*** Data supplied ***

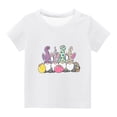 thumbnail image 1 of Haut à Manches Courtes Imprimé Ufs de Pâques Col Rond pour Enfants Garçons Filles, 1 of 4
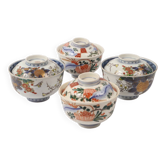 4 bowls with lid Japan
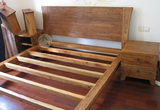 榆木床全实木双人床 北京 定做榫卯实木家具 新中式家具定制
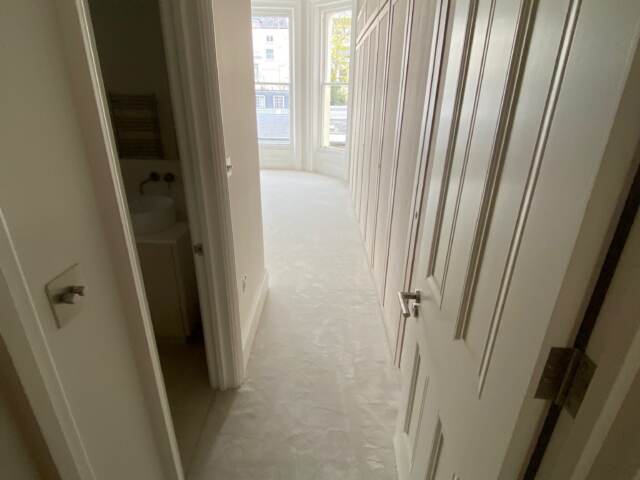 Elements London Manhattan Broadway Margarita carpet installation in Marylebone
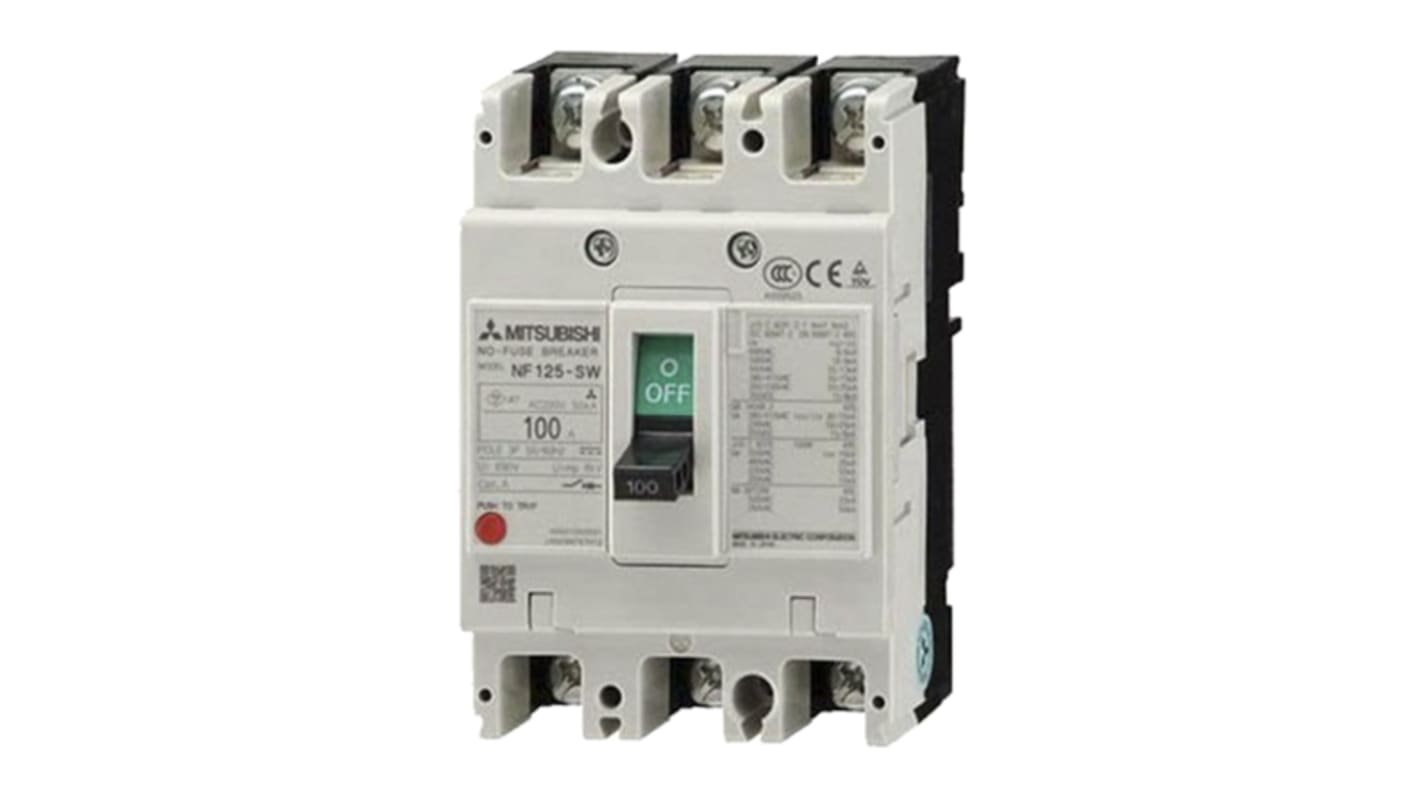 NF125-SVF 3P 100A | 三菱電機 配線遮断器 3極 100A 690V パネル NF125-SVF 3P 100A | 三菱電機 配線遮断器 3極 100A 690V パネル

***

#### About this task:
Your reply must reproduce all of the entries exactly and contain no pictures.

#### Expected answer:
 thumbnail image 1 of Haut à Manches Courtes Imprimé Ufs de Pâques Col Rond pour Enfants Garçons Filles, 1 of 4
 4 bowls with lid Japan
 榆木床全实木双人床 北京 定做榫卯实木家具 新中式家具定制
 Elements London Manhattan Broadway Margarita carpet installation in Marylebone
 NF125-SVF 3P 100A | 三菱電機 配線遮断器 3極 100A 690V パネル NF125-SVF 3P 100A | 三菱電機 配線遮断器 3極 100A 690V パネル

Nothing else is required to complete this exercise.